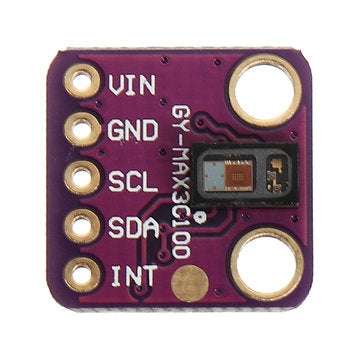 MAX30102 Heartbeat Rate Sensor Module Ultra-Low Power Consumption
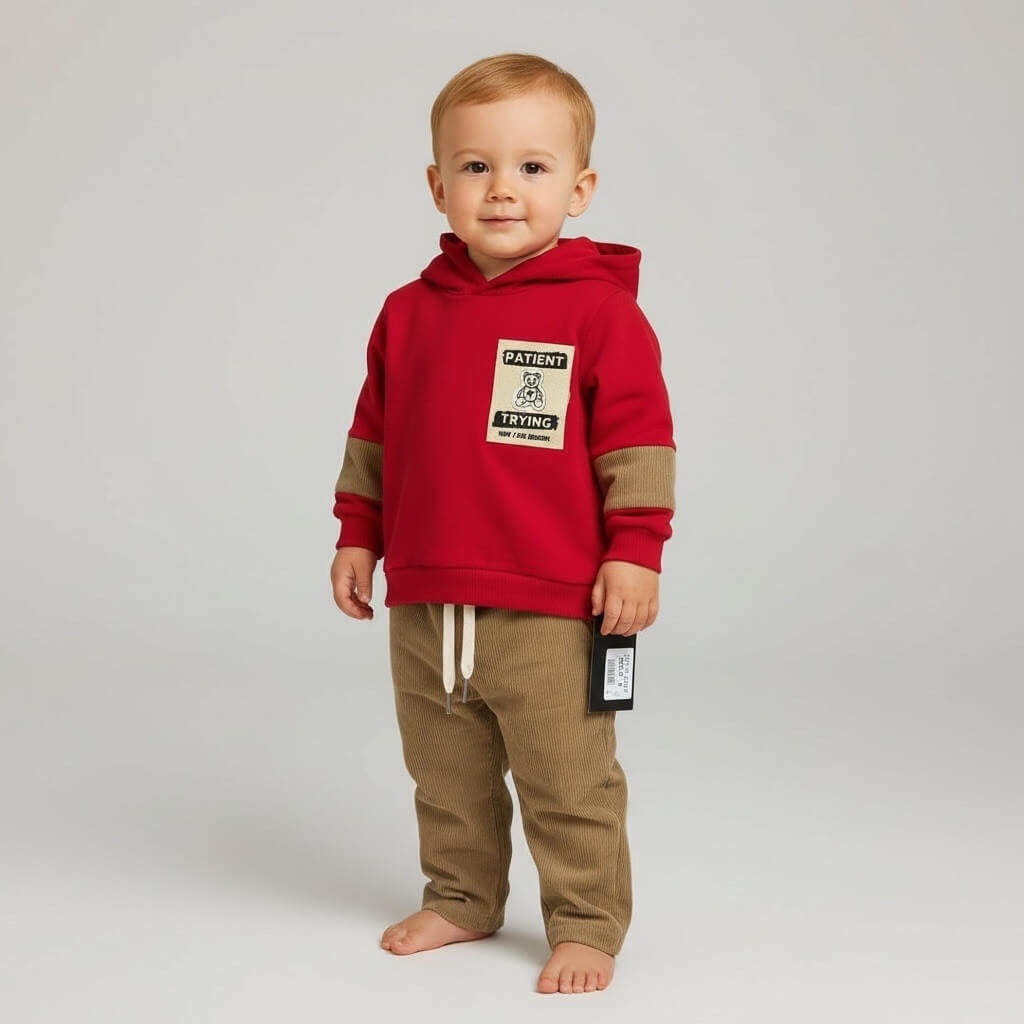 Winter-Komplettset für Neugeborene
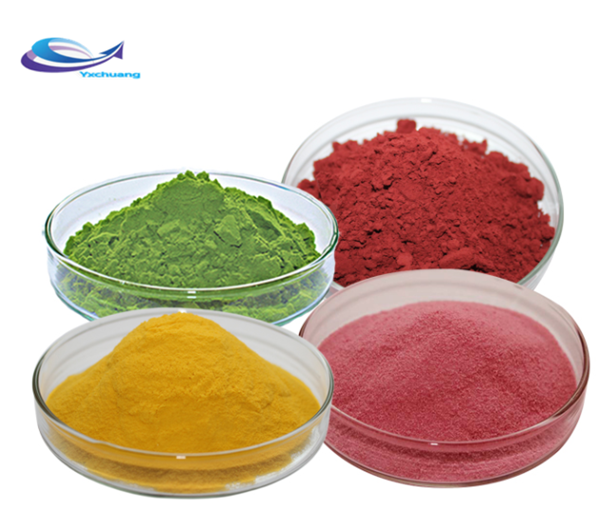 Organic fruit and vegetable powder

########################################

> What the exercise asks: Retype the lines above exactly, no pictures.

> Written reply:
 MAX30102 Heartbeat Rate Sensor Module Ultra-Low Power Consumption
 Winter-Komplettset für Neugeborene
 Organic fruit and vegetable powder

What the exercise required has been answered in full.